--- Material supplied Enclosed Below ---

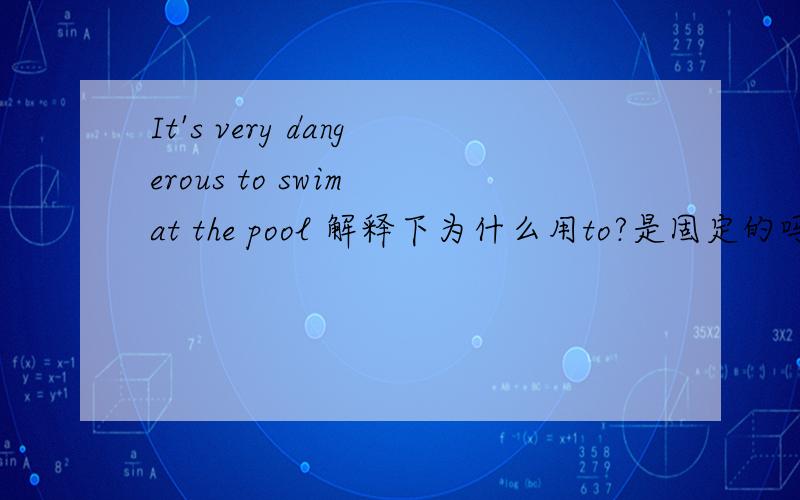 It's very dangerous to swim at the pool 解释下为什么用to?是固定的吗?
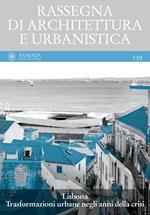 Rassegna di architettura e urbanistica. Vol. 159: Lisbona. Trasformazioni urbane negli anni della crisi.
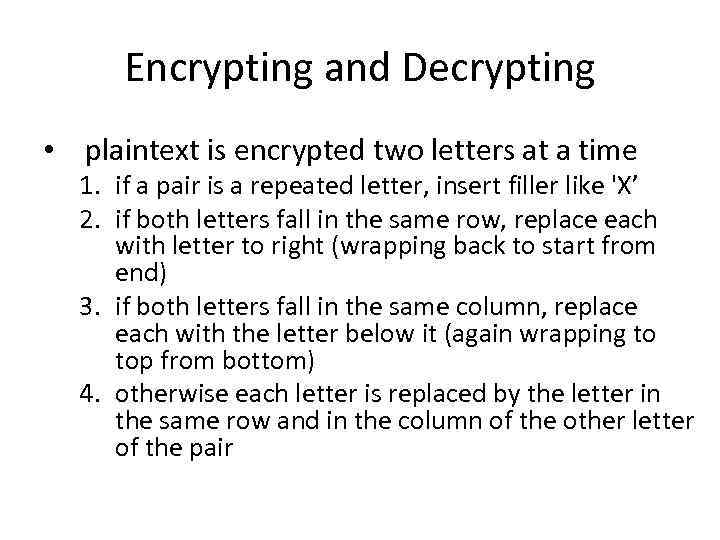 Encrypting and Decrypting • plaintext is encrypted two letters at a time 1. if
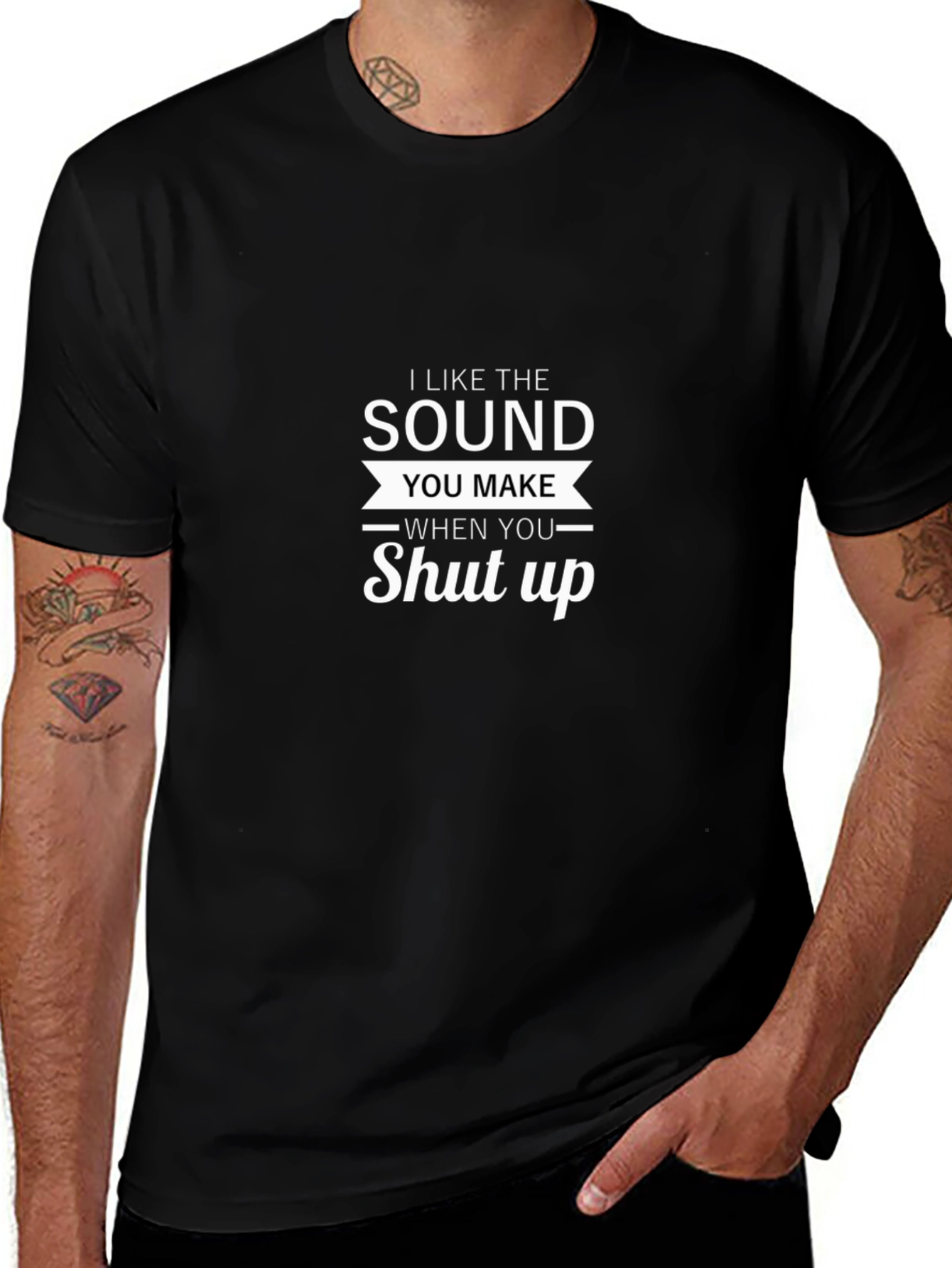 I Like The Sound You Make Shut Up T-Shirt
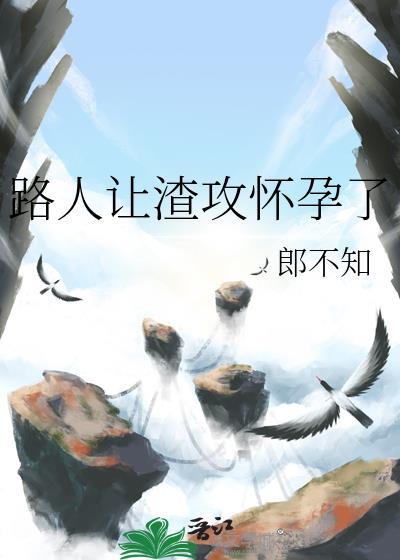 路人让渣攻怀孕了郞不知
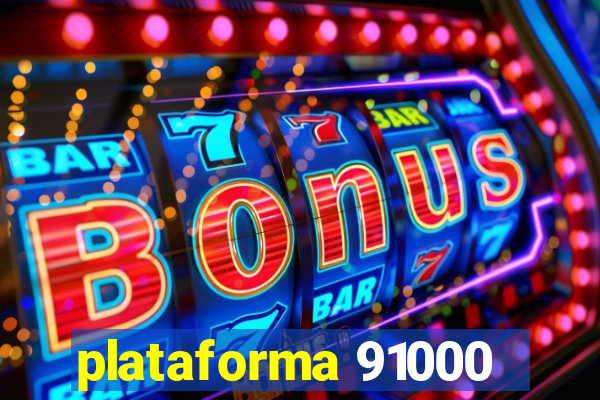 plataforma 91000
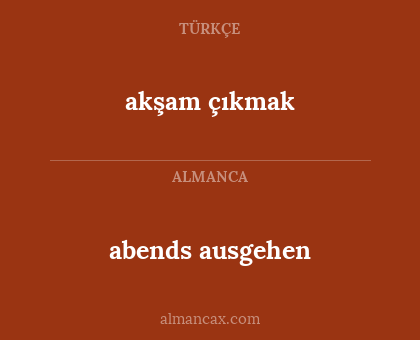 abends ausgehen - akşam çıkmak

--- End of Enclosed Material supplied ---
--- Material supplied Enclosed Below ---

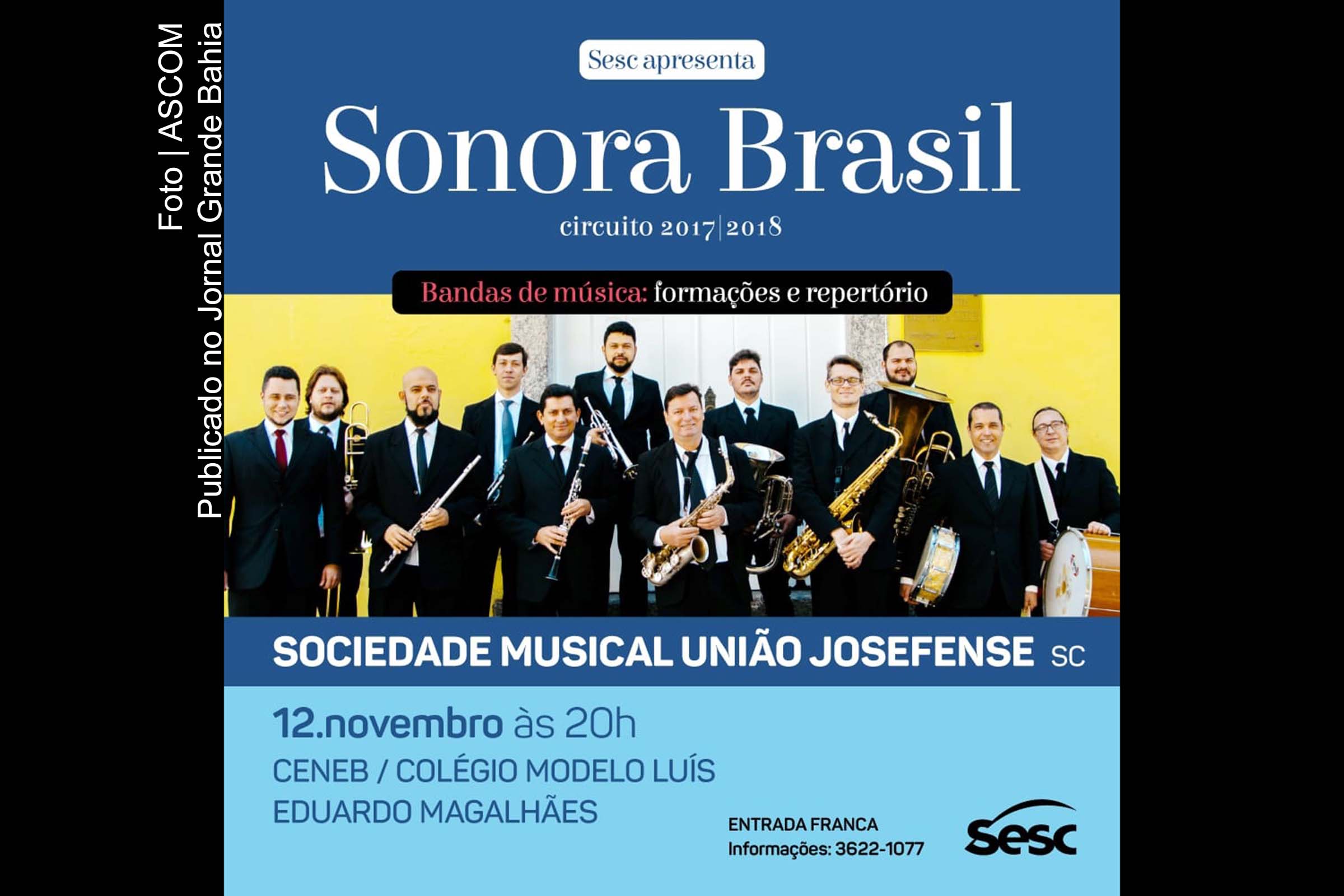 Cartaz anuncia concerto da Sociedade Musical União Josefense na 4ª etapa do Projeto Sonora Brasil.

--- End of Enclosed Material supplied ---

Work item:
Leaving out each picture, repeat exactly the lines above from the one that contains "It's very dangerous" through the one that contains "路人让渣攻怀孕了郞不知".

Output for this exercise:
 It's very dangerous to swim at the pool 解释下为什么用to?是固定的吗?
 Rassegna di architettura e urbanistica. Vol. 159: Lisbona. Trasformazioni urbane negli anni della crisi.
 Encrypting and Decrypting • plaintext is encrypted two letters at a time 1. if
 I Like The Sound You Make Shut Up T-Shirt
 路人让渣攻怀孕了郞不知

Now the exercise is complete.